_WHAT IS REQUIRED_
Among the entries below, only the lines from the one with "在廣西柳工機(jī)械股份有" through the one with "Small red ceramic" are to be retyped, exactly and without pictures.
───── TASK DATA ─────
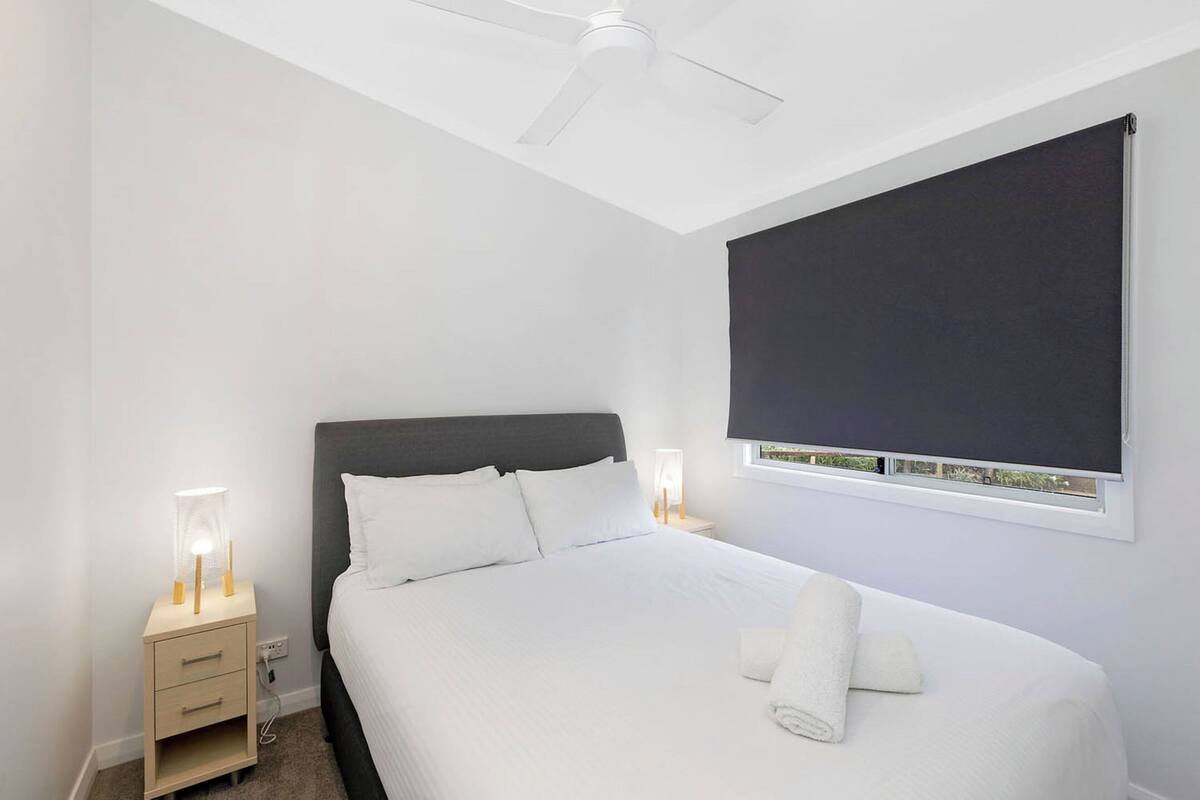 A neatly made bed with white linens, a bedside table with a lamp, and a ceiling fan.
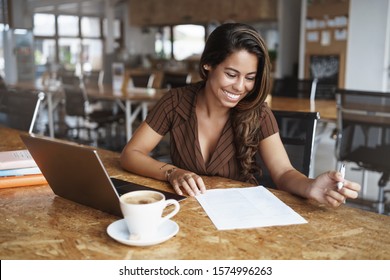 Business, Gig Economy Concept, Charming Young Brazilian Female Entrepreneur Sitting Co-working Cafe, Reading Working Paper, Taking Notes, Using Laptop As Working Remote From Office, Drink Cappuccino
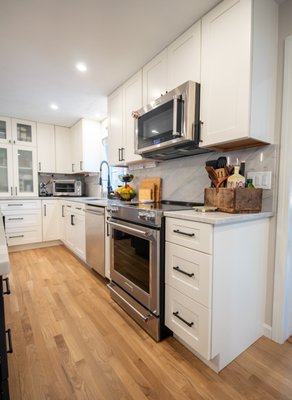 Full Kitchen remodel - Full kitchen renovation featuring premium cabinetry, quartz countertops, full-height backsplash, and designer hardware. The mix of white perimeter cabinets and a bold dark island created a refined, high-end look with practical everyday function Full Kitchen remodel - Full kitchen renovation featuring premium cabinetry, quartz countertops, full-height backsplash, and designer hardware. The mix of white perimeter cabinets and a bold dark island created a refined, high-end look with practical everyday function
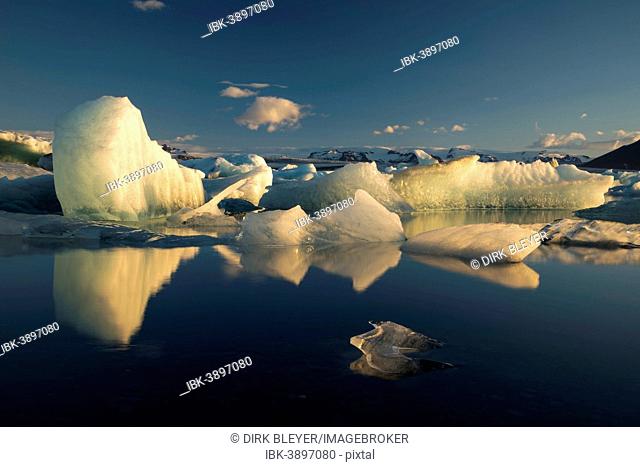 Icebergs reflected in Jökulsárlón Glacier Lagoon, Vatnajökull Glacier, Austurland, East Iceland, Iceland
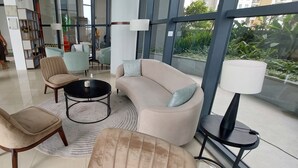 A modern lounge area with comfortable seating, a coffee table, and a large window offering a view of the outdoors. - Nine Peaks Summit TriZen  (Colombo)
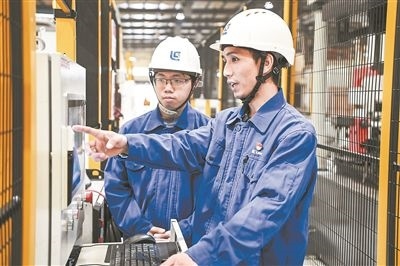在廣西柳工機(jī)械股份有限公司生產(chǎn)車(chē)間內(nèi)，一名高級(jí)技師（右）給徒弟講解數(shù)控設(shè)備操作細(xì)節(jié)。新華社記者 曹祎銘攝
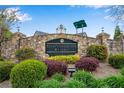 Stone entrance to Chattahoochee Reserve surrounded by colorful landscaping and shrubbery at 3925 Tugaloo River Dr, Duluth, GA 30097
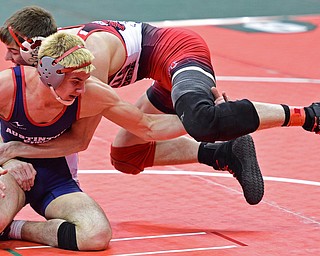 COLUMBUS, OHIO - MARCH 4, 2016: Adam Green of Fitch grabs the leg of Dylan Roth of Cincinnati Oak Hills as he flies through the air in transition during their 160lb Division I championship bracket bout Friday afternoon at Schottenstein Center. DAVID DERMER | THE VINDICATOR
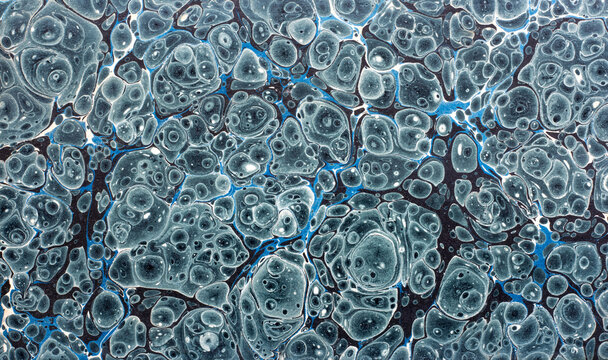 Antique 19th-century handmade paper from an old book, preserved as a richly decorated marbled endpaper. This hand-crafted, hand-marbled, traditional book paper features an intricate ebru pattern.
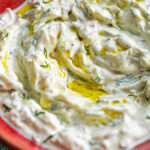 Small red ceramic bowl filled with pickle tzatziki and a drizzle of olive oil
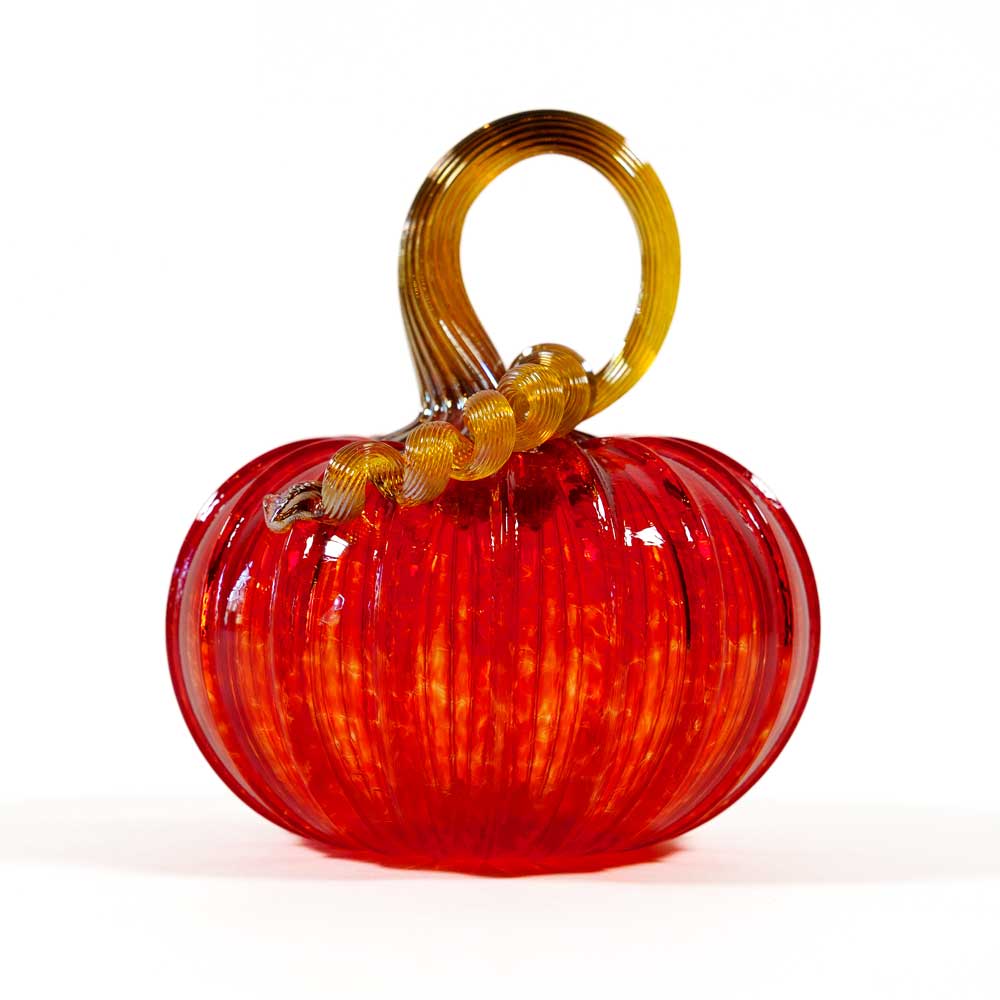 A beautiful collectible keepsake, the Small Glass Pumpkin - Cherry features a vibrant red hand-blown glass body with vertical ridges and a curled, translucent gold stem. Inspired by the artistry of Greenfield Village, this exquisite pumpkin is displayed on a white background.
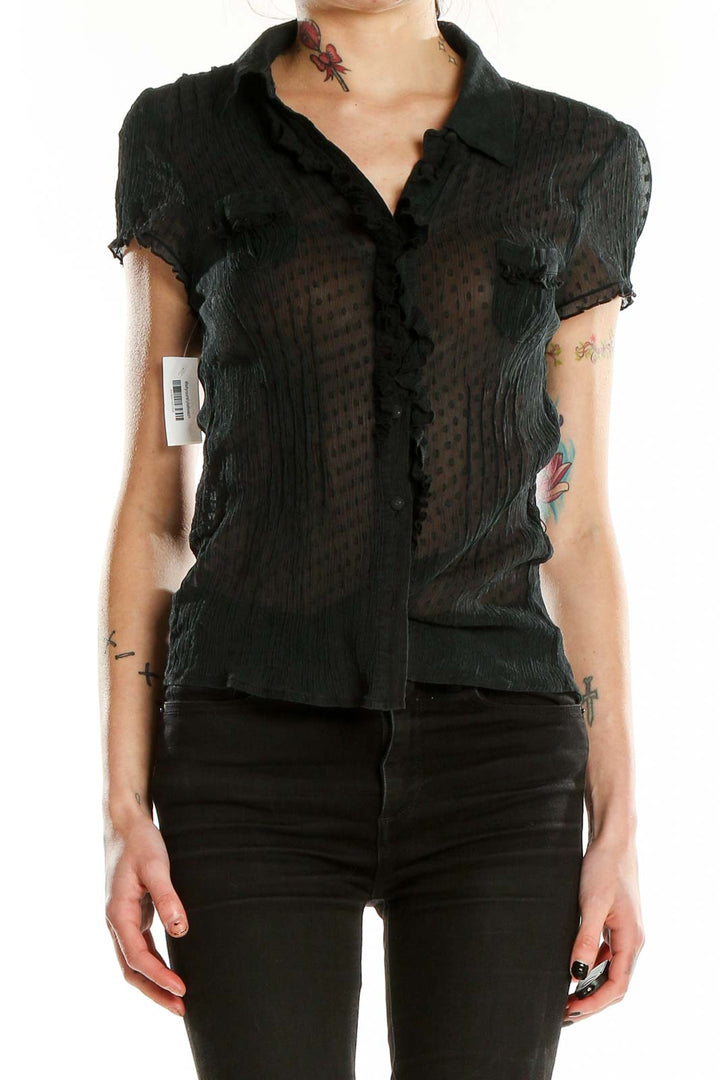 Front view of Bebe black sheer silk button-up blouse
─────
_OUTPUT_
在廣西柳工機(jī)械股份有限公司生產(chǎn)車(chē)間內(nèi)，一名高級(jí)技師（右）給徒弟講解數(shù)控設(shè)備操作細(xì)節(jié)。新華社記者 曹祎銘攝
 Stone entrance to Chattahoochee Reserve surrounded by colorful landscaping and shrubbery at 3925 Tugaloo River Dr, Duluth, GA 30097
 COLUMBUS, OHIO - MARCH 4, 2016: Adam Green of Fitch grabs the leg of Dylan Roth of Cincinnati Oak Hills as he flies through the air in transition during their 160lb Division I championship bracket bout Friday afternoon at Schottenstein Center. DAVID DERMER | THE VINDICATOR
 Antique 19th-century handmade paper from an old book, preserved as a richly decorated marbled endpaper. This hand-crafted, hand-marbled, traditional book paper features an intricate ebru pattern.
 Small red ceramic bowl filled with pickle tzatziki and a drizzle of olive oil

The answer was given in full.